Als sie bei Tems Haus ankamen, war Vlad nirgends zu sehen, aber dafür war die übliche mittägliche Menge dort versammelt, und Savn stellte fest, daß er von vielen merkwürdige Blicke zugeworfen bekam. Auch Polyi entging es nicht.
»Siehst du das?« fragte sie. »Wie die dich anglotzen? Sie fragen sich, warum du so viel Zeit mit diesem Ostländer verbringst.«
Savn schaute sich schnell um, aber in dem Augenblick sah ihn gerade niemand an. »Ach, wirklich?« fragte er.
»Ja.«
»Hmmm.« Er zuckte die Achseln. »Dann sollen sie sich doch fragen.«
»Und, was machst du mit ihm?«
»Ich lerne.«
»Was denn zum Beispiel?«
»Zum Beispiel, äh, wie man Perlen im Wind fängt – nein, ich meine, Wasser im, äh – ach, ist egal. Ich lerne Sachen.«
Polyi runzelte die Stirn, konnte jedoch nichts erwidern, was Savn sehr gut in den Kram paßte. Rasch aß er seinen Salat auf, verabschiedete sich von seiner Schwester und machte sich auf zu Meister Wack.
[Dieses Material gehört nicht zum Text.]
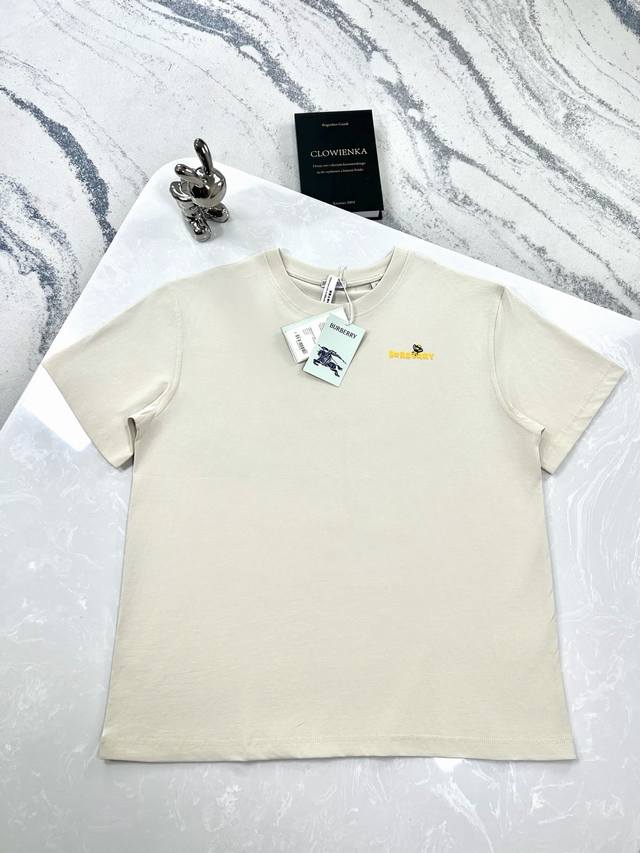 High version Burberry-Burberry-25 new bee print flocking short-sleeved T-shirt S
Auf dem Weg fiel ihm auf, daß die Eindrücke nicht mehr so scharf waren wie am Abend zuvor. Er überlegte, ob dieses Gefühl wiederkehren würde, wenn er in der eigenartigen Kunst gewandter wäre, die er zu lernen begonnen hatte.
Der Meister war heute besserer Laune und bosselte in seinem kleinen Haus herum (das Savn vor einem Jahr, als er seine Ausbildung dort angetreten hatte, viel größer vorgekommen war) und verstreute dabei Abschnitte der Geschichte mit Erläuterungen über das Allgemeine wie auch das Besondere. Savn fragte sich, ob der Meister das Rätsel um Zaums Tod wohl gelöst hatte, aber dann fand er, wenn ja, würde der Meister ihm davon erzählen, wann er wollte, und wenn nicht, sollte er das Thema besser nicht zur Sprache bringen.
Und tatsächlich erwähnte Meister Wack es den gesamten Tag lang nicht, den Savn größtenteils damit zubrachte, das Haus sauberzumachen und dabei den Geschichten und Lektionen des Meisters zu lauschen – ein Zeitvertreib, der Savn ziemliches Vergnügen bereitete, auch wenn Meister Wack, wenn er einmal zu reden anfing, bald seine Zuhörer sich selbst überließ und weit über Savns Wissen und Verstand hinausging.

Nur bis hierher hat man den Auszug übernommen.